◆ WHAT THE EXERCISE ASKS:
Except for the pictures, write out all the records that follow exactly.

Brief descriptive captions
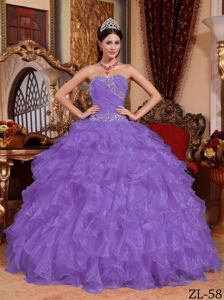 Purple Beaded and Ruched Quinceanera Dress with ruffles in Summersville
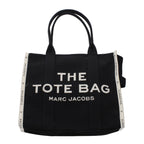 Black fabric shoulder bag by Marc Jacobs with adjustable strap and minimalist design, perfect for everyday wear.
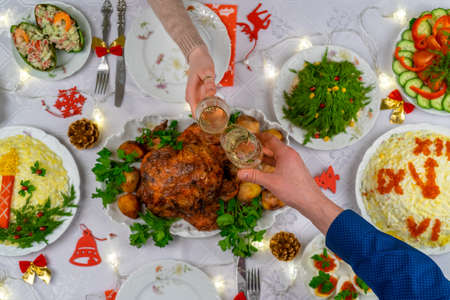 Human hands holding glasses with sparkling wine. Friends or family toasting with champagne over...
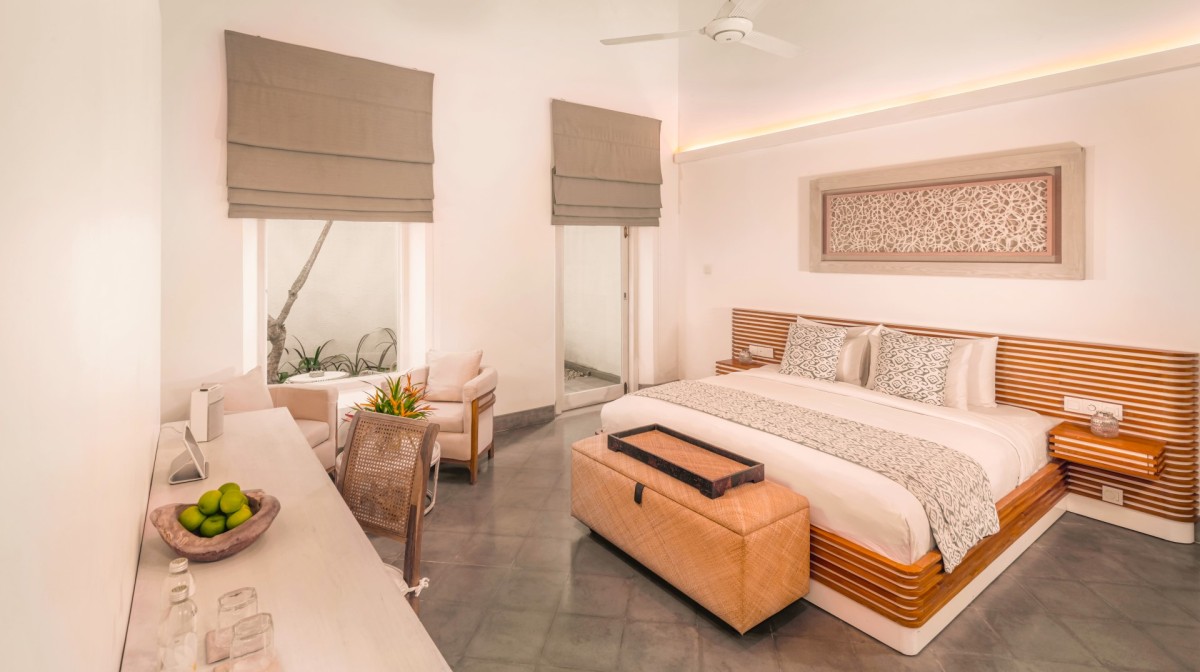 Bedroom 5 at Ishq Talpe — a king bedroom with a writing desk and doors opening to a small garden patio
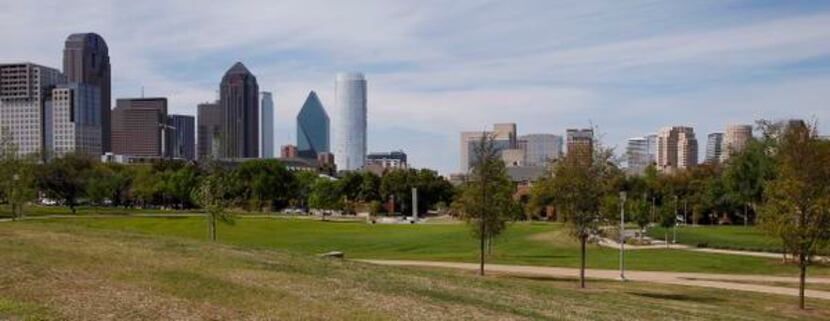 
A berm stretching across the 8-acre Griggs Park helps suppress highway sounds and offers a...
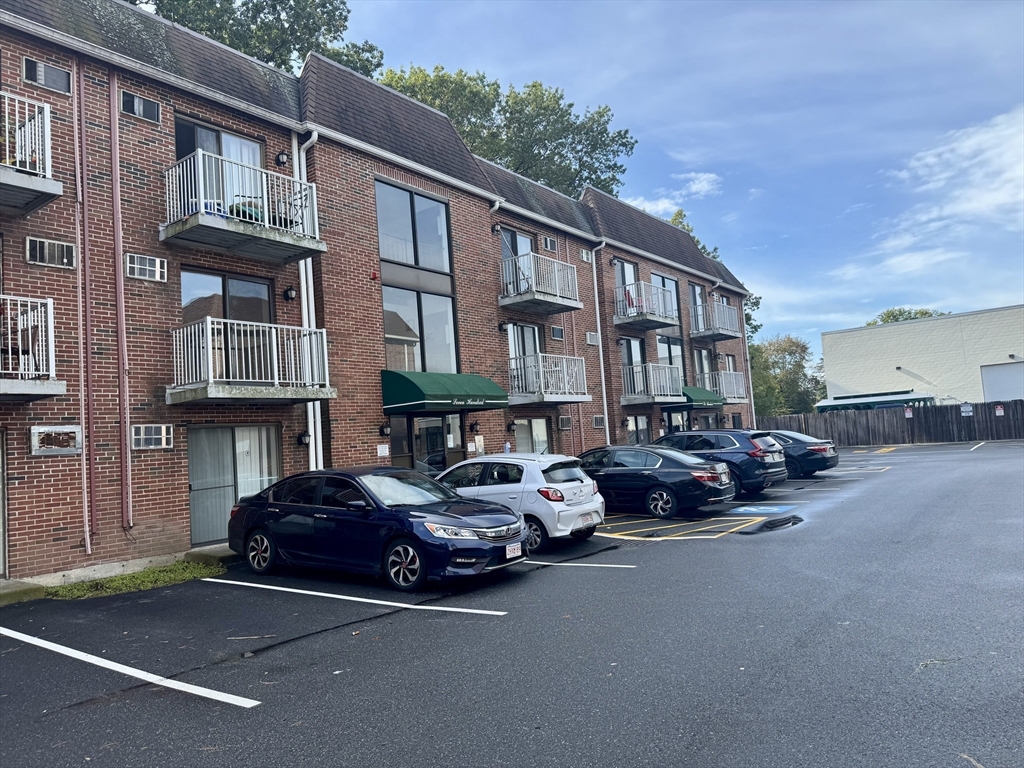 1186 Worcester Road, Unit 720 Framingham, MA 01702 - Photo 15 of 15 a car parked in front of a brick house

◆ ANSWER BELOW:
 Purple Beaded and Ruched Quinceanera Dress with ruffles in Summersville
 Black fabric shoulder bag by Marc Jacobs with adjustable strap and minimalist design, perfect for everyday wear.
 Human hands holding glasses with sparkling wine. Friends or family toasting with champagne over...
 Bedroom 5 at Ishq Talpe — a king bedroom with a writing desk and doors opening to a small garden patio
A berm stretching across the 8-acre Griggs Park helps suppress highway sounds and offers a...
 1186 Worcester Road, Unit 720 Framingham, MA 01702 - Photo 15 of 15 a car parked in front of a brick house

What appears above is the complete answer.